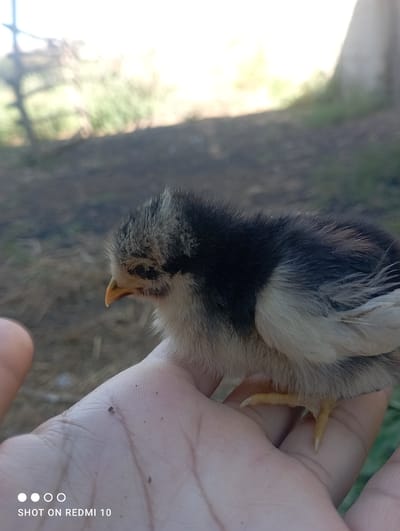 A young chick, predominantly black and white with yellow accents, is held in a person's palm. The chick's head is turned to the left, revealing its small beak and dark eye. Its fluffy feathers are clearly visible. The background is blurred, showing an outdoor environment with dry ground and some greenery, suggesting a rural or natural setting. The lower left corner of the image displays a watermark indicating it was "SHOT ON REDMI 10." The scene does not provide any specific details to link it to Taş-Kömür City, Kyrgyzstan.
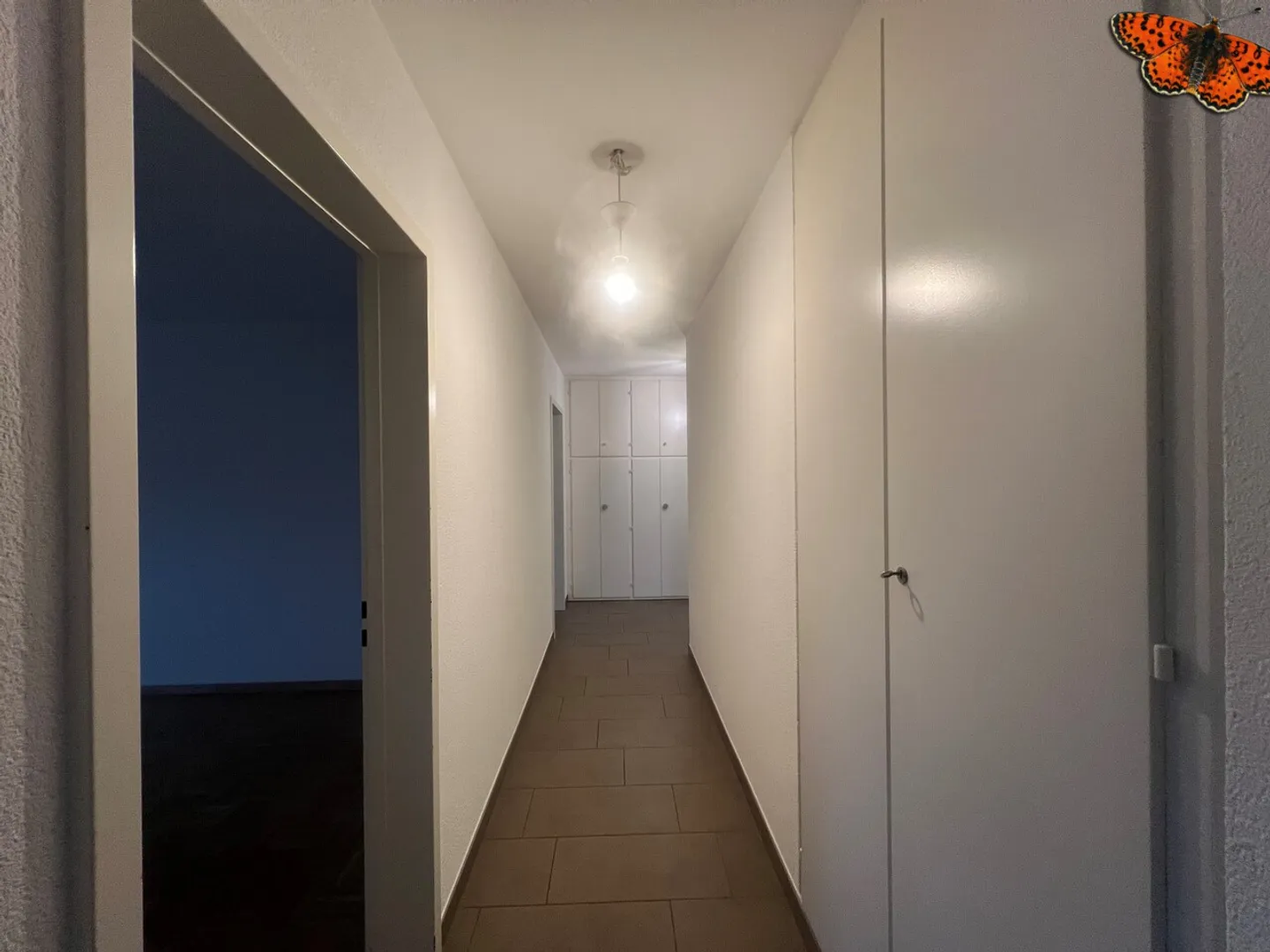 4 ZIMMER - STADTZENTRUM VON BULLE - Foto 4 von 12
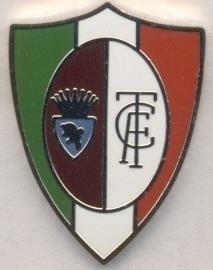 футбольний клуб Торіно (Італія) ЕМАЛЬ/Torino FC,Italy football replica pin badge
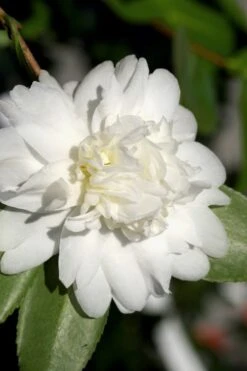 Snow Flurry Cold Hardy Camellia Hybrid - 3 Gallon Pot 11 Snow Flurry Cold Hardy Camellia Hybrid - 3 Gallon Pot -Best Bush Shop Camellia Snow Flurry 8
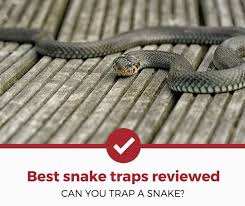 Top 4 Best Snake Traps To Now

◇ ◇ ◇ ◇ ◇ ◇ ◇

→ What to produce
Return the records above in their entirety, word for word, with the pictures removed.

→ Exercise result
 A young chick, predominantly black and white with yellow accents, is held in a person's palm. The chick's head is turned to the left, revealing its small beak and dark eye. Its fluffy feathers are clearly visible. The background is blurred, showing an outdoor environment with dry ground and some greenery, suggesting a rural or natural setting. The lower left corner of the image displays a watermark indicating it was "SHOT ON REDMI 10." The scene does not provide any specific details to link it to Taş-Kömür City, Kyrgyzstan.
 4 ZIMMER - STADTZENTRUM VON BULLE - Foto 4 von 12
 футбольний клуб Торіно (Італія) ЕМАЛЬ/Torino FC,Italy football replica pin badge
 Snow Flurry Cold Hardy Camellia Hybrid - 3 Gallon Pot 11 Snow Flurry Cold Hardy Camellia Hybrid - 3 Gallon Pot -Best Bush Shop Camellia Snow Flurry 8
 Top 4 Best Snake Traps To Now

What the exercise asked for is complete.